RU2220614C2 - Viburnum extract eliciting antiradical activity - Google Patents

Abstract

FIELD: chemical-pharmaceutical industry, medicinal plants. SUBSTANCE: viburnum (Viburnum) waste processing extract from kernels and/or husks and/or oil cake contains complex of oligomeric procyanidines that is prepared by extraction of viburnum kernels and/or husks and/or oil cake with water or an aqueous-ethanol mixture with alcohol content 70 wt.-%, not above. Invention can be used in chemical, biological or chemical- pharmaceutical industry for preparing complex of oligomeric procyanidines eliciting high antiradical activity. Invention provides expanding assortment of vegetable extracts comprising complex of oligomeric procyanidines and eliciting the enhanced antiradical activity. EFFECT: improved preparing method, valuable biological properties of extract. 1 tbl

Description

 The invention relates to the pharmaceutical industry and relates to an extract of waste products of processing of viburnum containing a complex of oligomeric procyanidins with antiradical activity and used as a biologically active food supplement.

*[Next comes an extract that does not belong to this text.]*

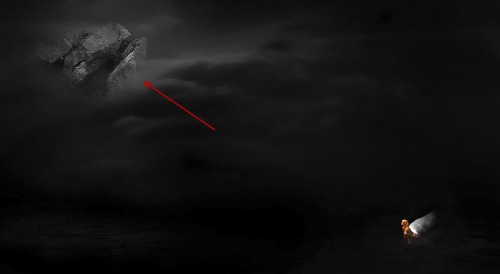 3 rock 500x274 Create a Surreal Magical Power Unleashed Scene in Photoshop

 The intense effects of chemically and structurally diverse environmental pollution factors, including pesticides, toxic chemical waste, direct and secondary cigarette smoke, exhaust fumes, ozone, radiation, and various types of stress cause similar toxic effects on human health. Numerous studies have shown that these harmful factors contribute to the formation of a huge number of free radicals, leading to oxidative destruction of lipids, proteins and DNA, activation of procarcinogenesis, inhibition of cellular and antioxidant defense systems, depletion of sulfhydryl groups that provide enzyme activity, a change in calcium homeostasis, a change gene expression and induction of abnormal proteins, which makes a significant contribution to the pathophysiology of human diseases (Florence T.M. "The role of free radicals i n disease. "Aust N Z J Ophthalmol 23 (1): 3-7).

 At the same time, antioxidants - free radical traps - are inhibitors of both the initiation stage of free radical formation and all further stages of the development of free radical processes, the transformation of biomolecules, the development of secondary neoplasms and protect cells from oxidative damage at all levels (Halliwell B., M. A. Murcia, et al. "Free-Radicals and Antioxidants in Food and in-Vivo - What They Do and How They Work." Crit Rev Food Sci Nutr - 1995, 35 (1-2): 7-20).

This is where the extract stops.